The Gainesville Regional Utilities (GRU) Authority voted Wednesday to work with the city of Gainesville to end their memorandum of understanding that has the utility collect the city’s stormwater and garbage collection fees.
But the city’s fees likely won’t come off utility bills until September 2026.
Since 1988, GRU has placed the city’s stormwater fee on customers’ monthly utility bills, collecting the money and sending it to the city. The garbage collection fee has been on GRU bills for even longer, and the city pays the utility $800,000 per year to manage the billing.
However, GRU CEO Ed Bielarski said it’s hard for customers to understand the bills and make a comparison for just their utility bills. The big number at the bottom of the bill that most customers look at reflects not just the cost of electricity, water, wastewater and gas but also the city’s fees.
“When people get a utility bill, they’re getting our services,” Bielarski said on the new bills without the city’s fees.
He said customers often call GRU with garbage collection complaints even though the utility doesn’t manage the trucks. Bielarski added that customers call and need help paying their bills to avoid getting shut off, and he said removing these fees could help prevent future customer shutoffs.
The garbage collection fees currently range from $20.50 to $40.75 per month, depending on the size of the trash can. After an approved 20% increase starts in April, the price range will move to $24.60 to $48.90 per month.

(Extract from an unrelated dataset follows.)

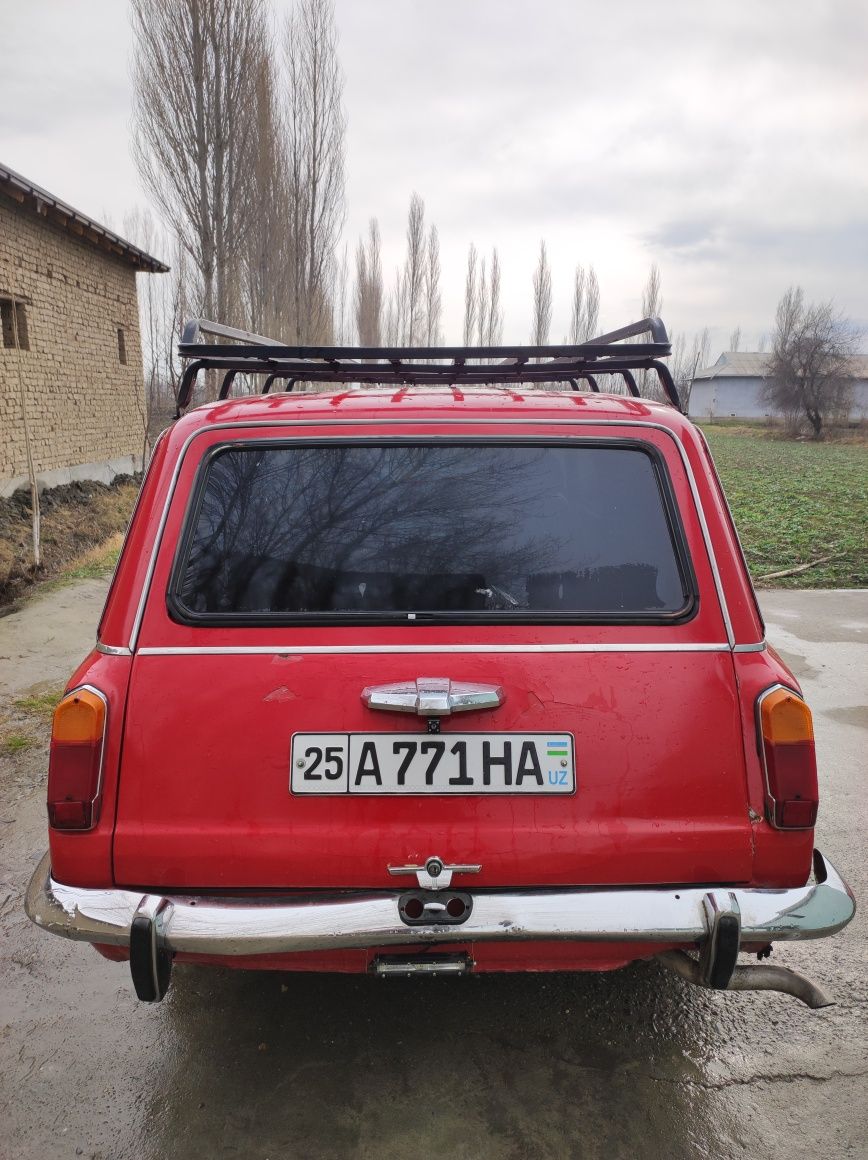 Jiguli 2102 Sotiladi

Bielarski said the idea of taking the city’s fees off the bills has been around for years, but since the creation of the GRU Authority and utility efforts to reduce bills, he said the idea has grown.
He added that the city’s decision to raise garbage collection rates by 20% made GRU staff think even harder about ending the memorandum of understanding.
At Wednesday’s meeting, authority directors agreed and said the bill situation is confusing for customers.
Director Craig Carter said the $800,000 payment will be hard to give up, but he said it’s the right choice, making the motion to end the memorandum. Chair Eric Lawson said he’d like Bielarski to return with the ways GRU will make up the payment.
Bielarski said the utility has worked hard to lower bills and the change will further the progress, though the fees will remain for Gainesville residents. He noted that GRU’s electric bills have fallen in comparison with other utilities in Florida, ranking 12th highest in bills for 1,000 kilowatt-hours in January 2025 instead of seventh highest in January 2024 and second highest in January 2023.
For Gainesville, City Manager Cynthia Curry said in a March letter to Bielarski that the city is open to ending the memorandum of understanding, last signed in August 2023. She said the memorandum requires 24-month notice, but the city would be open to shortening that window to Sept. 30, 2025.
That date would be the end of the city’s and GRU’s fiscal years and give one and a half years to install a new system.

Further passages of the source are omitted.